WARTABANJAR.COM, TANJUNG- Menjelang Hari Raya Idul Adha 1447 Hijriah, masyarakat di Kabupaten Tabalong diimbau meningkatkan kewaspadaan terhadap ancaman Penyakit Mulut dan Kuku (PMK) pada hewan kurban.

Salah satu langkah penting yang ditekankan adalah mematuhi prosedur karantina saat mendatangkan ternak dari luar daerah.

Dinas Ketahanan Pangan, Perikanan, dan Pertanian (DKPPP) Kabupaten Tabalong mengingatkan para peternak maupun pedagang hewan kurban agar mengikuti aturan yang berlaku saat memasukkan sapi, kerbau, maupun kambing dari luar Kabupaten Tabalong.

Langkah tersebut dinilai menjadi kunci utama dalam mencegah masuknya PMK ke wilayah setempat.

Kepala Bidang Peternakan dan Kesehatan Hewan DKPPP Tabalong, drh.

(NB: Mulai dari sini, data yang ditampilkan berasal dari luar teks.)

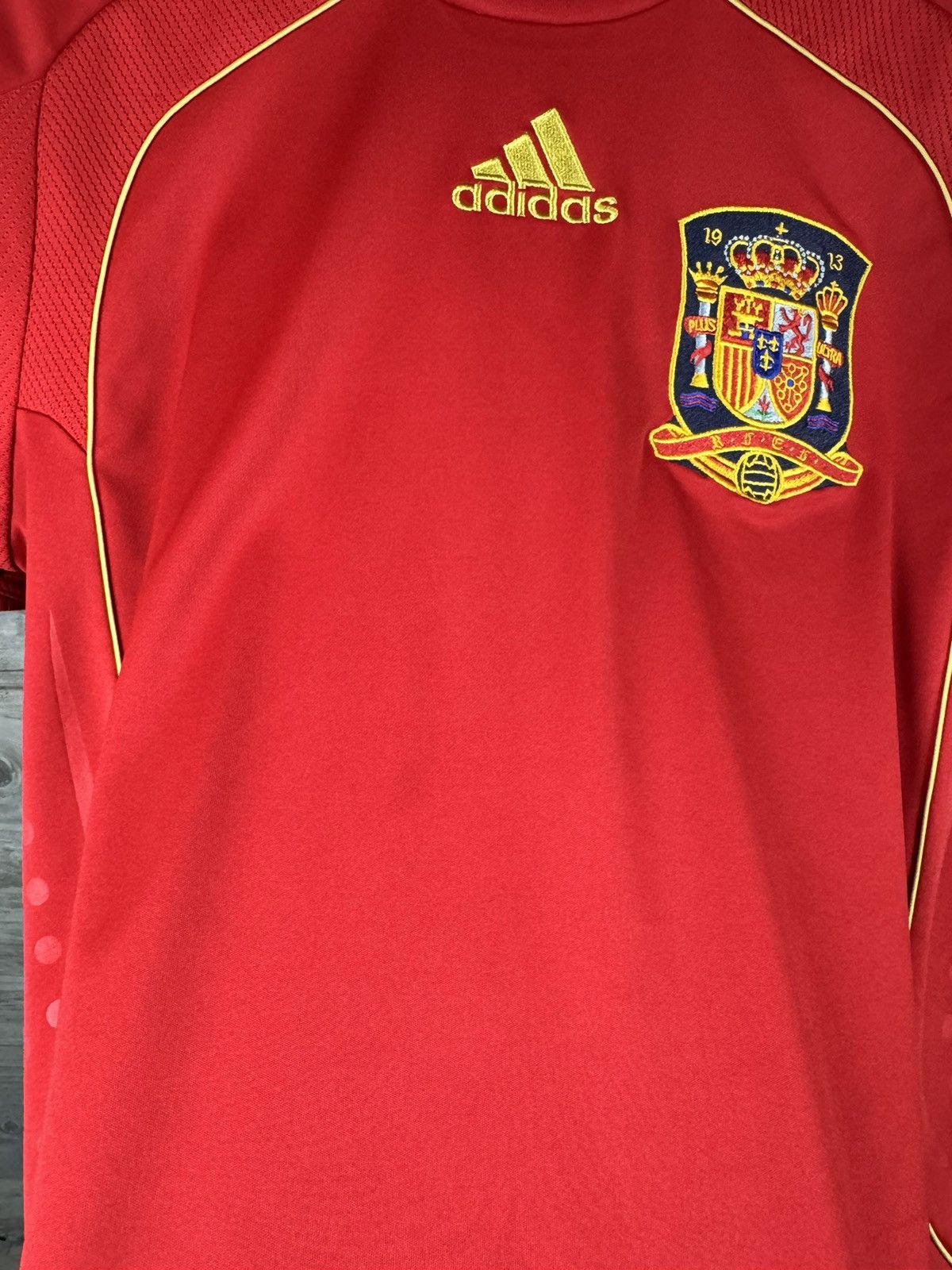 Adidas Football 2007 Vintage adidas Spain soccer jersey size XS Size US XS / EU 42 / 0 - 14 Thumbnail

Suwandi, mengatakan meski sepanjang 2025 Kabupaten Tabalong tercatat bebas dari kasus PMK, kewaspadaan tetap harus dijaga secara maksimal.

Menurutnya, kepatuhan masyarakat terhadap prosedur kesehatan hewan sangat penting demi menjaga kesehatan ternak sekaligus menjamin keamanan daging yang akan dikonsumsi masyarakat saat Idul Adha.

BACA JUGA: DPD PDI Perjuangan Kalimantan Selatan Sahkan 12 PAC di Tabalong

BACA JUGA: Dari Bawang Merah ke Kacang Tanah, Kelompok Tani Bersemi Tabalong Catat Hasil Positif

“Apabila mengambil ternak dari luar Kabupaten Tabalong, harus berkoordinasi dengan dinas setempat untuk melakukan pengecekan dan mengurus surat keterangan kesehatan hewan, termasuk memastikan ternak tersebut sudah divaksin atau belum,” ujar Suwandi pada wartabanjar com, Minggu (10/5/2026).

Ia menjelaskan, masyarakat juga perlu memperhatikan kondisi fisik hewan sebelum membeli.

Ternak yang terindikasi PMK umumnya menunjukkan gejala berupa luka atau sariawan pada mulut disertai liur berlebihan, serta adanya kemerahan pada kaki yang menyebabkan hewan berjalan pincang.

“Jika menunjukkan gejala tersebut, jangan dibeli meskipun ditawarkan dengan harga murah, karena dapat menjadi sumber penularan PMK ke ternak lainnya,” katanya.

Selain pemeriksaan awal, setiap ternak yang masuk dari luar daerah juga wajib dilaporkan kepada Bidang Peternakan dan Kesehatan Hewan DKPPP Tabalong.

Pelaporan itu diperlukan agar petugas dapat melakukan pemeriksaan kesehatan lanjutan secara menyeluruh.